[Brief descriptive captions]
[Start of Attachment]

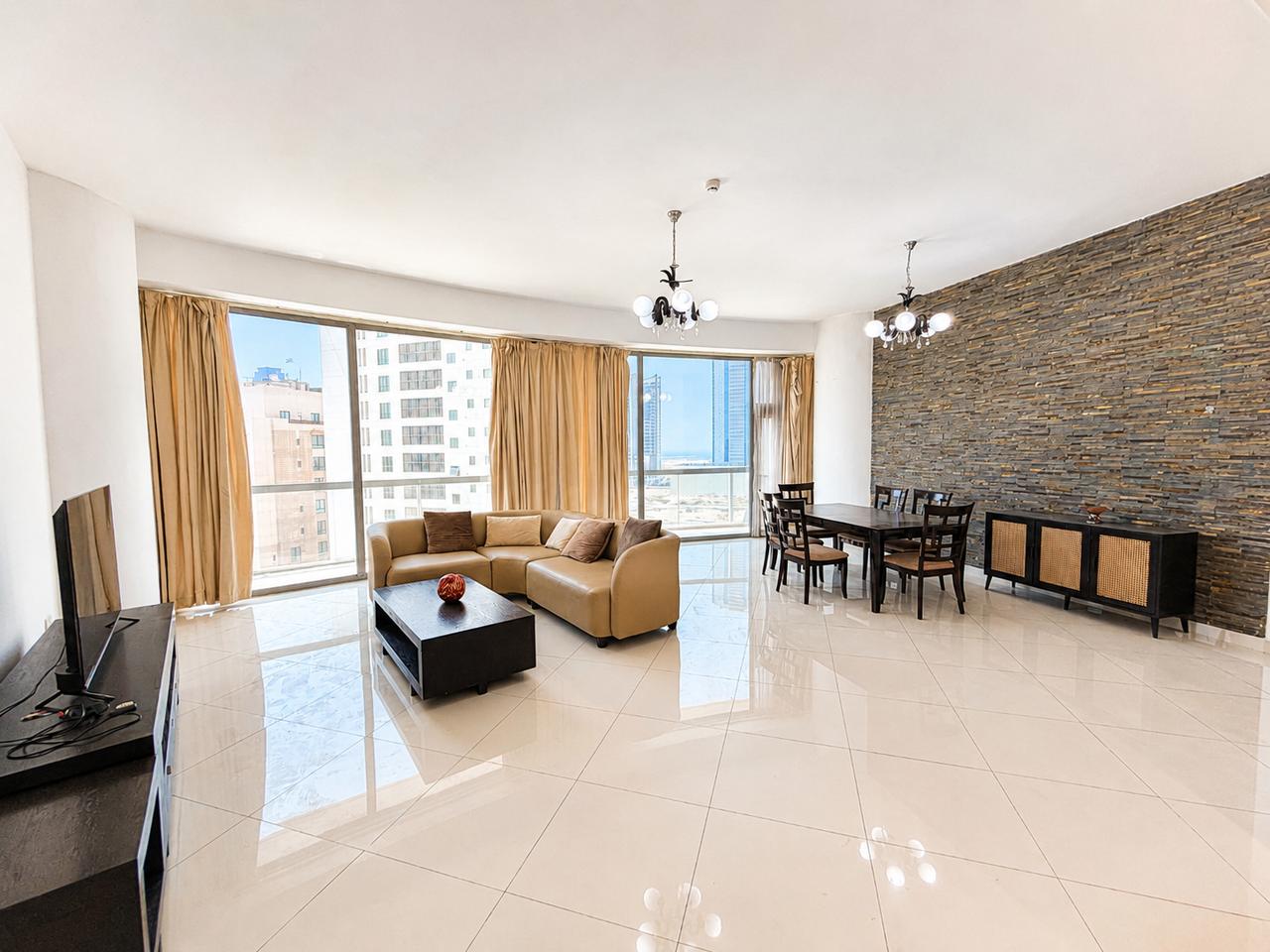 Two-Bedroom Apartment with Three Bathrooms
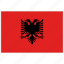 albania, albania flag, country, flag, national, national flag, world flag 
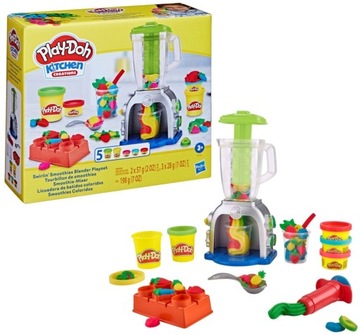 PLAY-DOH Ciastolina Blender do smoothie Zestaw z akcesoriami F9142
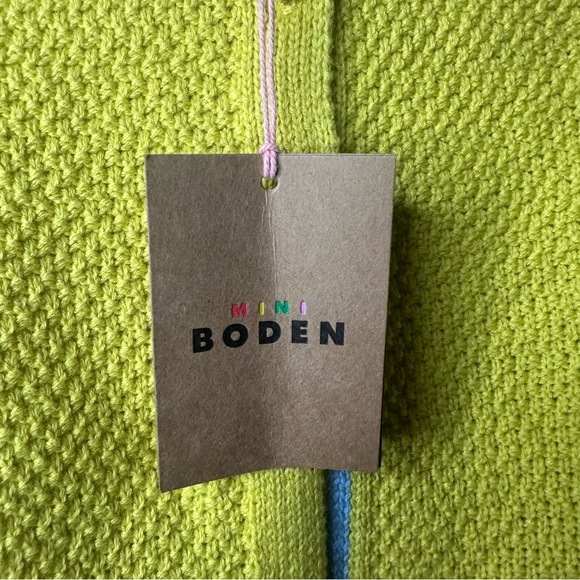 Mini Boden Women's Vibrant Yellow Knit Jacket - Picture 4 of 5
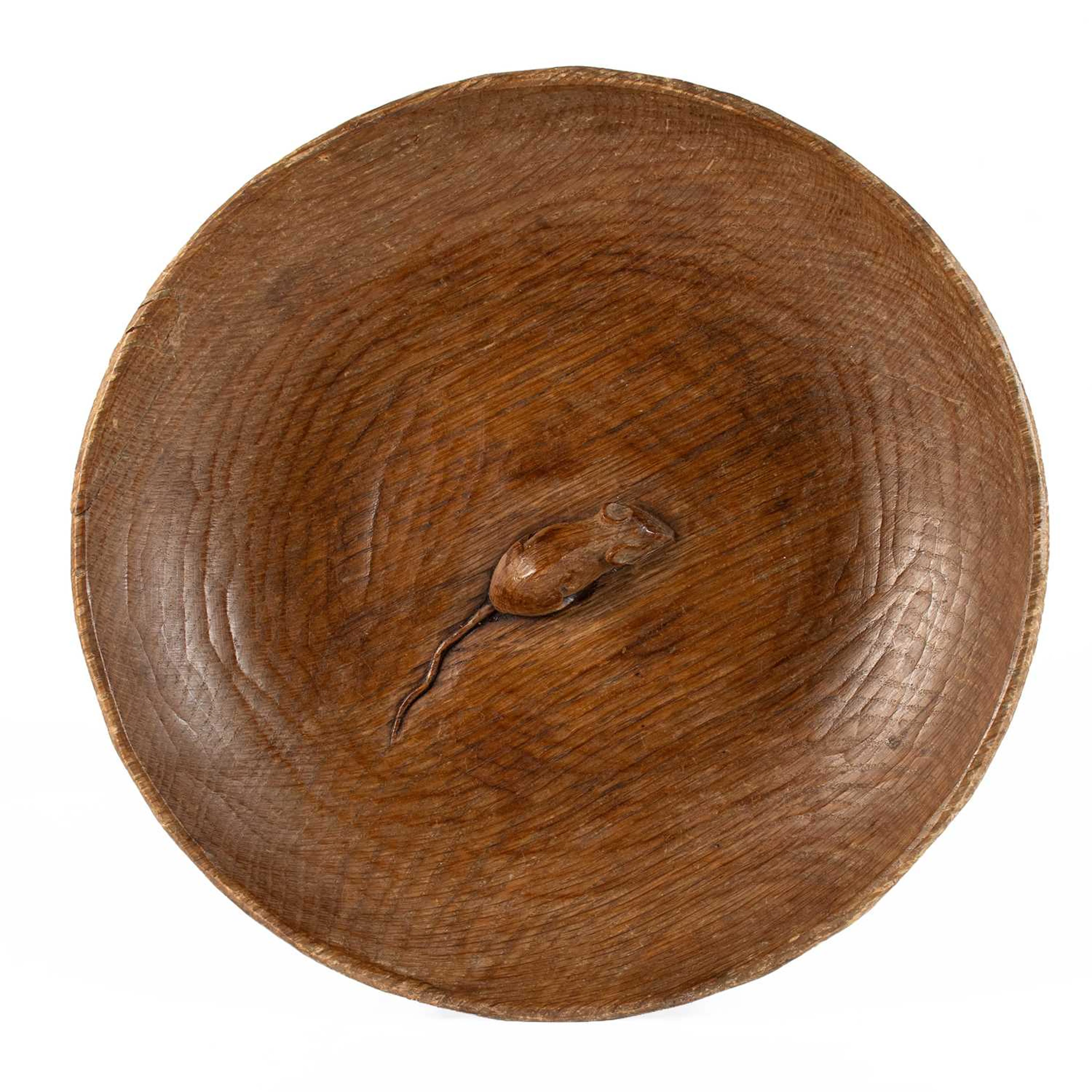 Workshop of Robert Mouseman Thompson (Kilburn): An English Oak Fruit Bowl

[End of Attachment]
[Start of Attachment]

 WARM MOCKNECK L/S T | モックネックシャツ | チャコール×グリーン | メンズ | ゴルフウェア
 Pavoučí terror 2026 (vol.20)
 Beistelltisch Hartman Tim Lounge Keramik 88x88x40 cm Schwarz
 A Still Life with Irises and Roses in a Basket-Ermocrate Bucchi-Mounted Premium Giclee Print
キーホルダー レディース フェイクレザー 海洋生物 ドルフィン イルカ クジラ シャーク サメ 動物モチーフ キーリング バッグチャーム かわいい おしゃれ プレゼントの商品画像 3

[End of Attachment]

- EXERCISE INSTRUCTIONS: Copy word for word the lines above, starting at the line containing "Two-Bedroom Apartment with Three Bathrooms" and ending at the line containing "Workshop of Robert", inclusive, with no pictures.

- WRITTEN RESPONSE:
 Two-Bedroom Apartment with Three Bathrooms
 albania, albania flag, country, flag, national, national flag, world flag 
 PLAY-DOH Ciastolina Blender do smoothie Zestaw z akcesoriami F9142
 Mini Boden Women's Vibrant Yellow Knit Jacket - Picture 4 of 5
 Workshop of Robert Mouseman Thompson (Kilburn): An English Oak Fruit Bowl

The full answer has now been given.